Netball is a court-based team sport played predominantly among Commonwealth nations, and has one of the highest participation rates for team sports in Australia [@AustralianSportsCommission2020]. As in many court-based team sports, the goal of netball is to score more than the opposition. Netball is, however, unique in that goals may only be scored by two players on each team from within the 'shooting circle' (i.e. a half circle around the goal with a 4.9m radius) at their end of the court [@INFrules]. Traditionally, goals scored from within this circle result in one goal for the team [@INFrules]. In the 2020 season, Australia's national elite-level league (i.e. Suncorp Super Netball) made the decision to introduce the 'Super Shot' [@NetballAusSuperShotIntro]. The Super Shot period provided teams an opportunity to gain one- versus two-goals for successful shots made from the 'inner' (i.e. 0m-3.0m) versus 'outer' (i.e. 3.0m-4.9m) circles, respectively, within the final five minutes of each quarter (i.e. the Power 5 period) [@NetballAusSuperShotIntro]. The rule has remained in place over subsequent seasons since the 2020 inception.

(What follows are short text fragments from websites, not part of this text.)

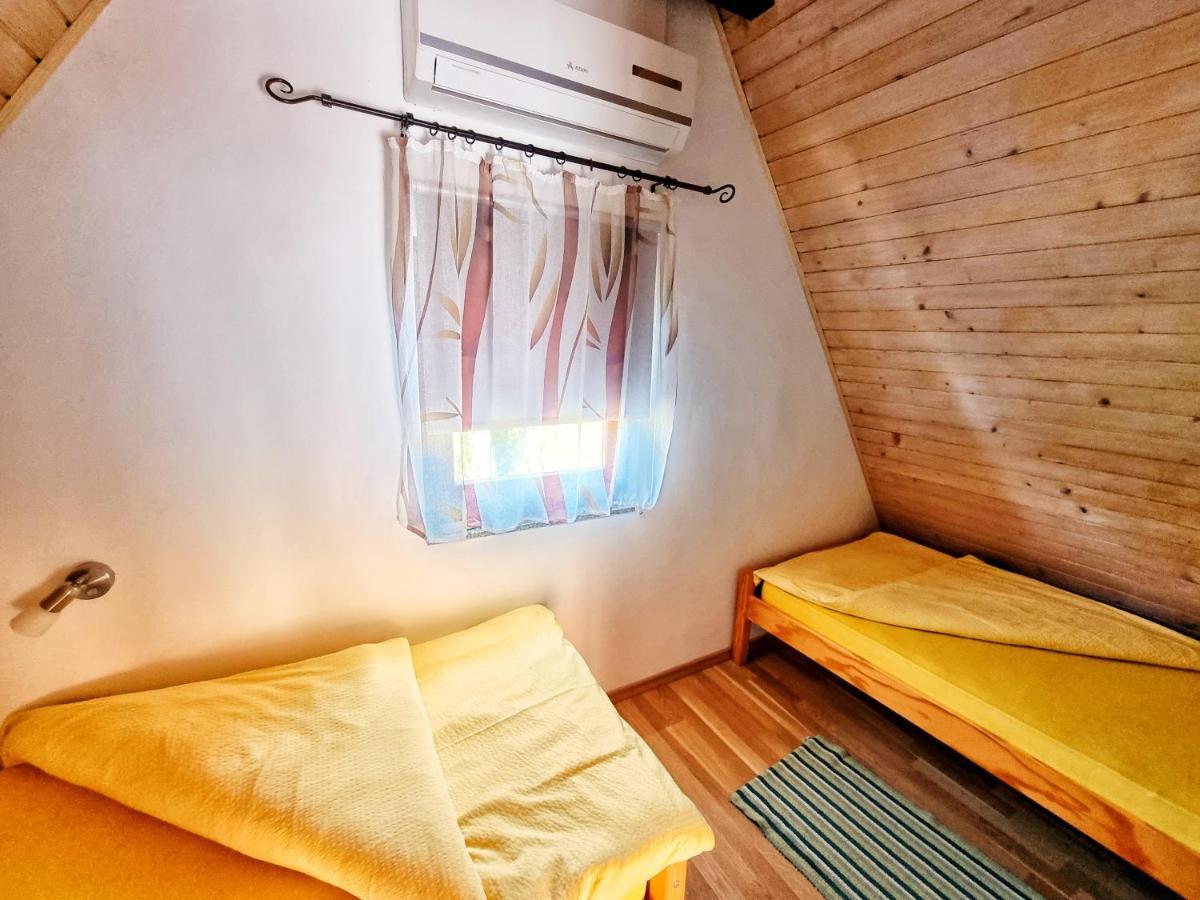 Guesthouse Mreznica- Mreznicka Idila Resort Galovic-Selo Bagian luar foto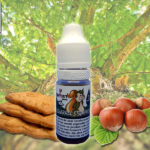Squirrel’s Surprise (Gamme Vaping Animals) par OhMist
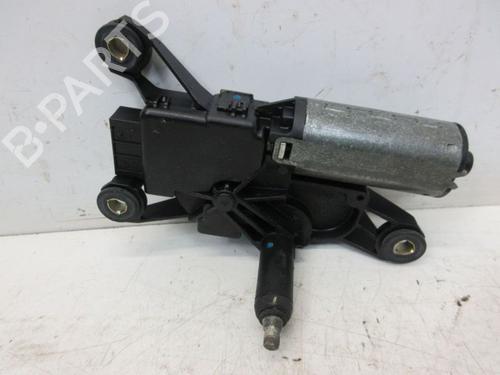Ruitenwissermotor achter BMW X5 (E53) 3.0 d | BP29098245M102 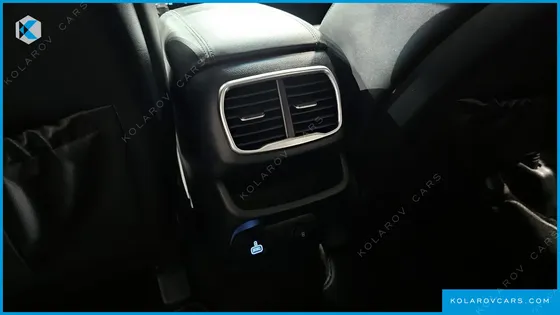 HYUNDAI SANTA FE DIESEL 2,0 4WD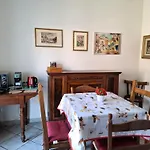 Locazione Turistica Di Alberto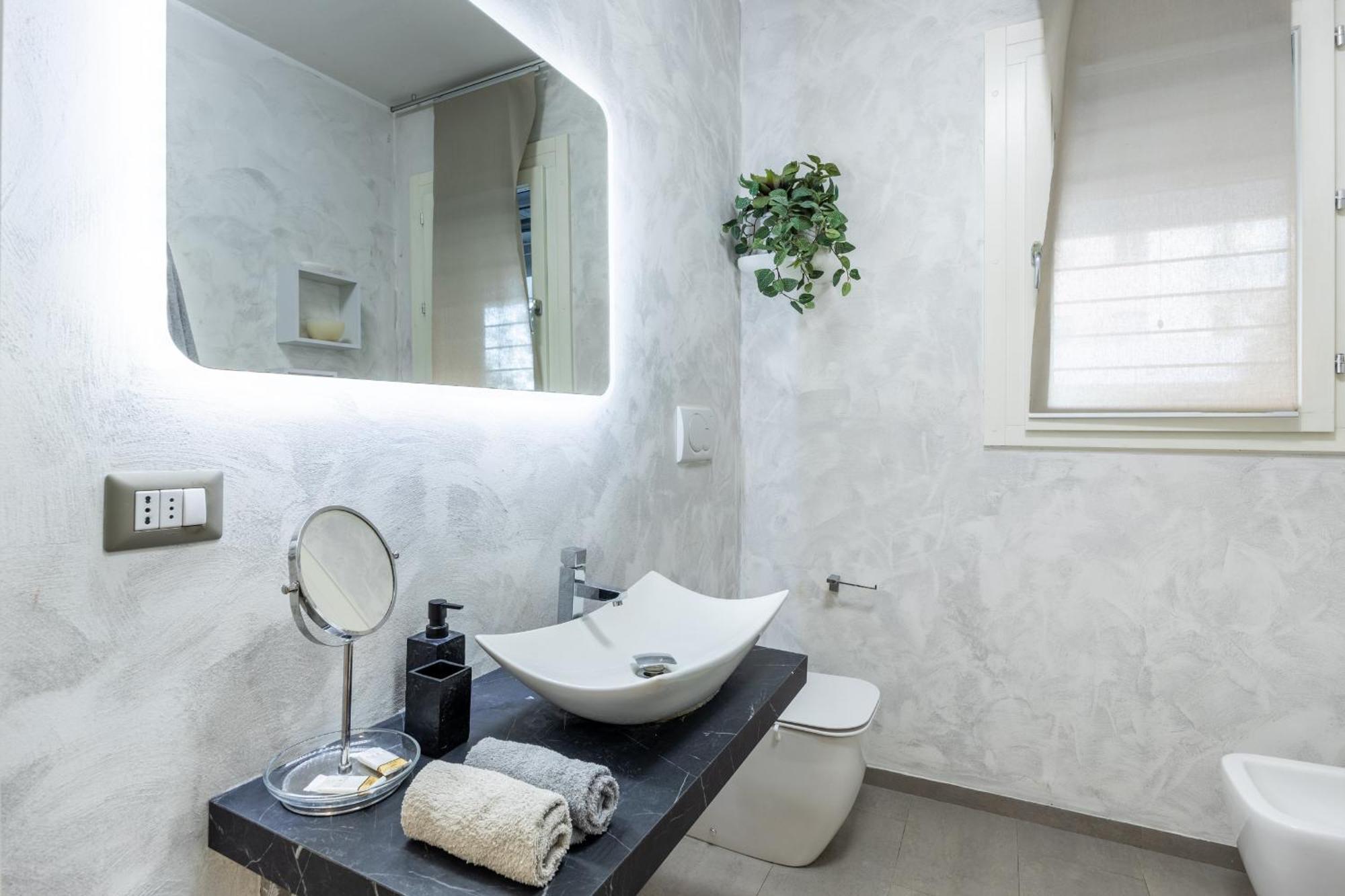 Apartment Exclusive - Santa Giulia Milan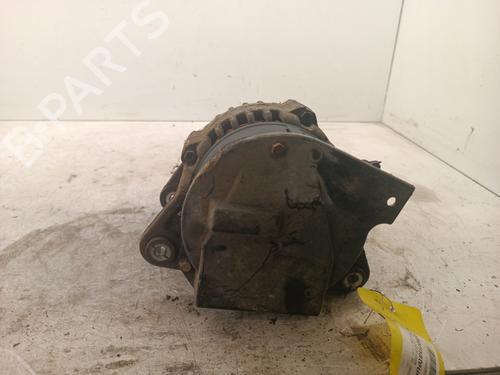 Used Alternator Alternator FORD KA (RB_) [1996-2008] 34306835 34306835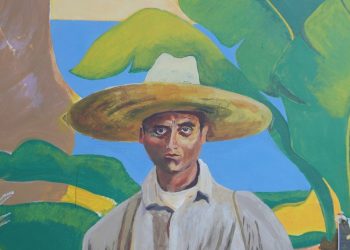 Inaugurará UIC el mural ‘Horizontes de resistencia, dignidad y justicia’, este sábado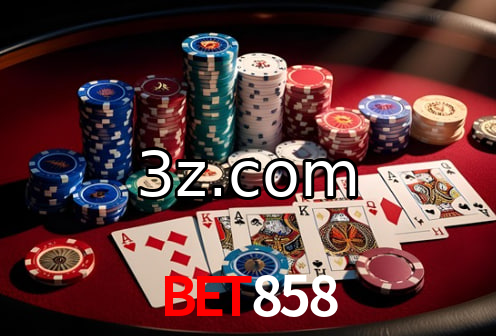 bet858 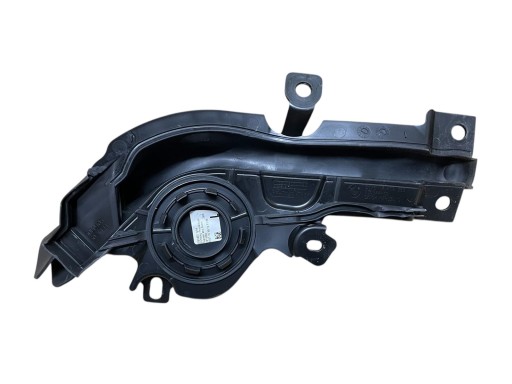 gasket cover of a shock absorber bonnets BMW 3 G20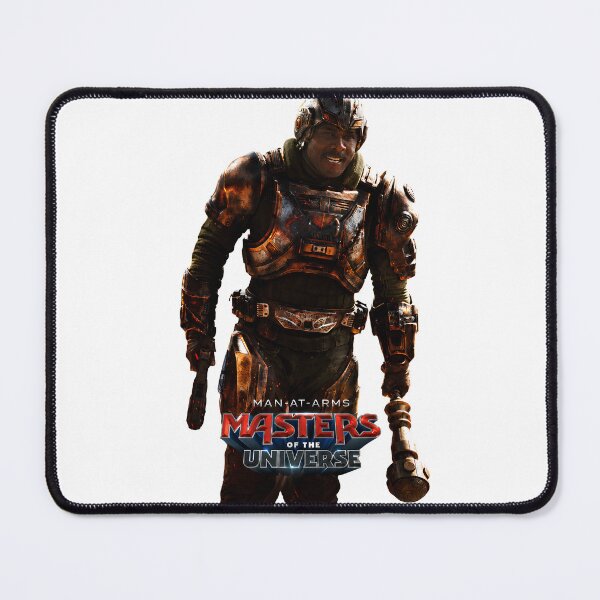 Item preview, Masters of the Universe Movie 2026 designed and sold by helman-art.
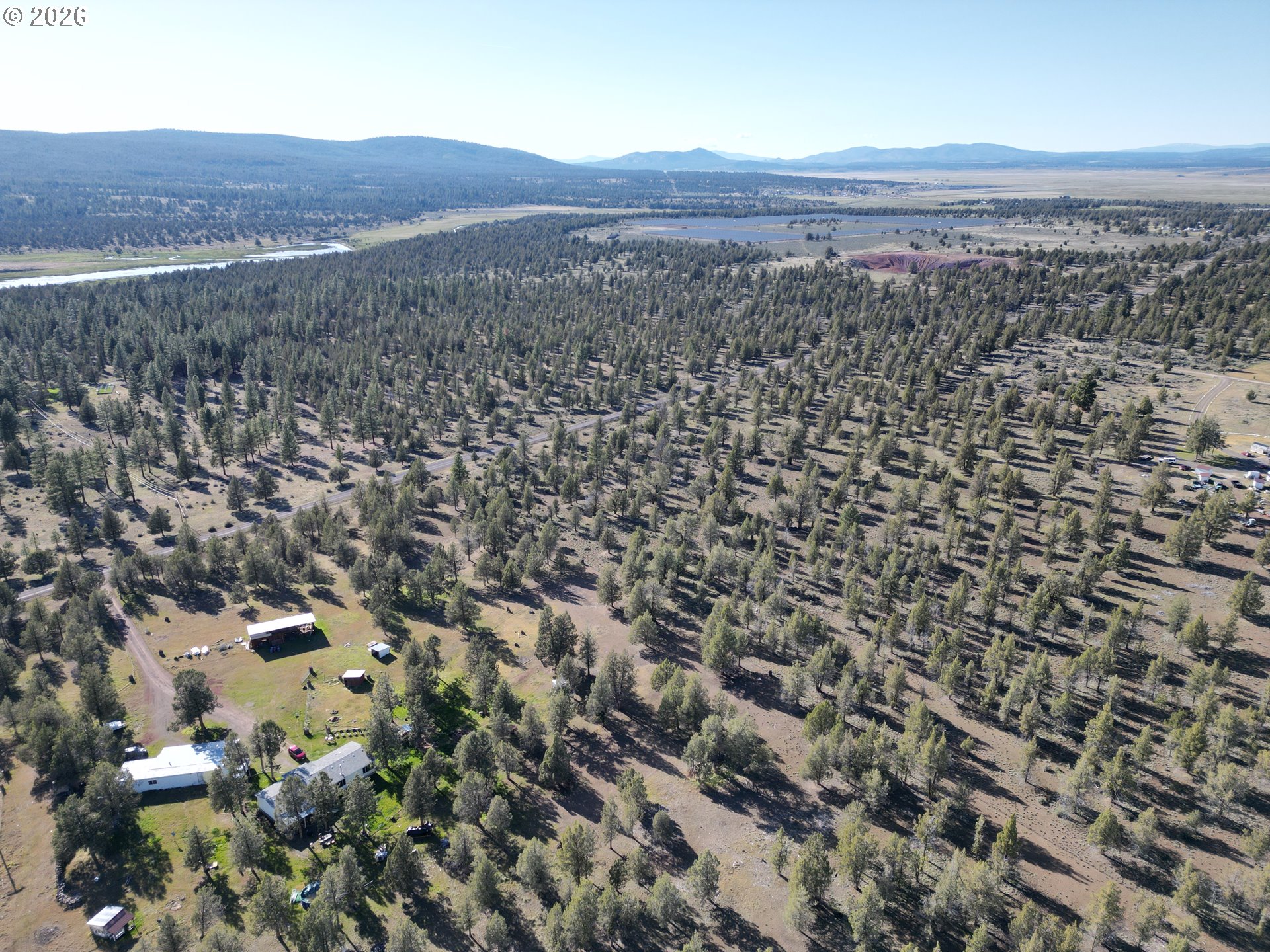 0 Fishhole Creek Rd Property Photo 8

Our analysis prior to the 2020 season [@Fox2020] suggested that the added value of the Super Shot (i.e. two-goals) aligned well with the elevated risk of shooting from long range, and that teams may have been able to maximise their scoring by taking a high proportion of Super Shots. These findings were, however, based on shooting statistics from a past season where the Super Shot rule was not in effect. Further investigation of netball competitions where a 'two-goal rule' was in place (i.e. international Fast5) resulted in a much higher risk of missing long-range shots [@Fox2020]. We hypothesised that the elevated risk of missing long-range shots with a 'two-goal rule' in place stems from situational factors, whereby defensive strategies were likely altered to place a heavier emphasis on defending long-range shots [@Fox2020]. Data from the early years of the Super Shot in place provides an opportunity to re-evaluate the risk:reward value of taking Super Shots with more valid shooting statistics. Further, these data can provide a better foundation for simulating Super Shot periods as a means to identify optimal shooting strategies. In the present study, we firstly re-visited our analysis of whether the 2:1 goal weighting is appropriate based on the relative risk of missing a shot from the outer versus inner circle during the Power 5 period using data from the 2020-2022 seasons. Second, we ran simulations of the Power 5 period using shooting statistics from the 2020-2022 seasons for each team individually in an attempt to identify optimal team-specific shooting strategies for the proportion of Super Shots to take. Third, we ran simulations of teams competing against one another during a Power 5 period to determine how varying the proportion of Super Shots could impact scoring margin.

# Methods

## Participants

Participants for this study included all players across the eight teams from the 2020-2022 seasons season of the Australian national netball league (i.e. Suncorp Super Netball). Our study included publicly available, pre-existing data held on the Suncorp Super Netball match centre. An exemption from ethics review was granted by the Deakin University Human Research Ethics Committee (***TODO: add details***).

## Data Collection

We used the ***{SuperNetballR}*** (***TODO: citation***) package to extract match data from all regular season games during the 2020-2022 Super Netball Seasons via the Champion Data (official provider of competition statistics) match centre. Within the match centre data – all shots are labelled with identifiers that place them in the inner or outer circle, along with whether they were made or missed. Combined with the timestamp of these events within quarters, we extracted team-specific shooting statistics for: (i) the total number of shots taken; (ii) the number of shots taken from the inner and outer circle; and (iii) the number of made and missed shots from the inner and outer circle from each Power 5 period across matches.

## Data Analysis

Our study required estimating the probability of making versus missing shots from the inner versus outer circle across the different teams. We achieved this by defining a beta distribution in a probability density function for the different circle zones, specified by:

$$f(x,a,b) = \frac{\Gamma(a+b)x^{a-1}(1-x)^{b-1}}{\Gamma(a)\Gamma(b)} $$

where $a$ and $b$ represent the number of missed and made shots within a circle zone, respectively; $x$ is the probability of $a$ relative to $b$; and $\Gamma$ is the gamma function [@Virtanen2020,@NIST2020]. Probability density functions were created for made versus missed shots in the inner and outer circles for each team, as well as all teams combined, to be used in subsequent analyses.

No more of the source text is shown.